A total of 783 public company directors were asked for the attributes they value the most highly when it comes to board composition. Consistent with results from the 2014 survey, financial expertise was cited as the skill most crucial to board service by 91 per cent of respondents.
This was followed by industry expertise (70 per cent), operational expertise (66 per cent), and risk management expertise (62 per cent).
The percentage of directors who think board diversity is an important attribute increased on the previous year’s survey, with 39 per cent now considering gender diversity very important compared to 37 per cent in 2014.
The study shows that gender is no longer the sole issue in the diversity debate, with 30 per cent of survey respondents now considering racial diversity as very important – up from 28 per cent last year.
Given the climate around cyber breaches, it’s not surprising that 87 per cent of directors find board expertise in this area to be at least “somewhat” important. However, the study showed that directors rate IT strategy expertise as a higher priority than having a director with a cyber-risk background.

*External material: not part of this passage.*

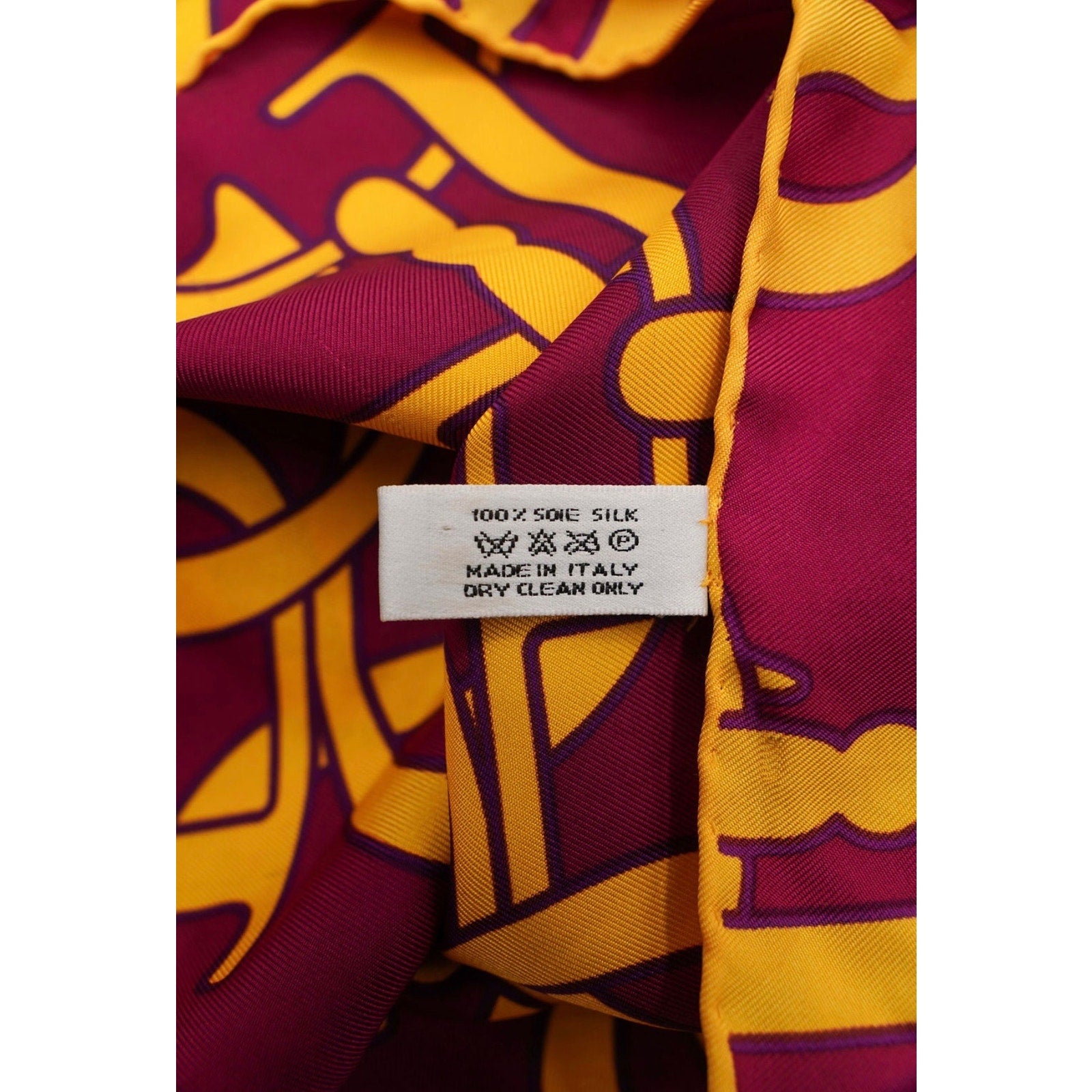 Silk Scarf CD Logo Malice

This shows that while the importance of cyber security has certainly been recognised, directors remain strategically focused when it comes to IT.
In contrast, human resources and legal expertise continue to be less sought after, with only one-in-five directors describing these attributes as “very important”.
The study also focused on other issues affecting directors and boards, including what it calls “the short-term/long-term dichotomy”, which has been exacerbated by an unprecedented level of pressure from shareholder activists using a variety of approaches to achieve a near-term increase in the company’s share price. It states that the short-term nature of many activists has seen 84 per cent exit their investments within two years.
From a corporate governance perspective, these concerns raise questions about how boards stay oriented towards long-term shareholder value while facing short-term pressure.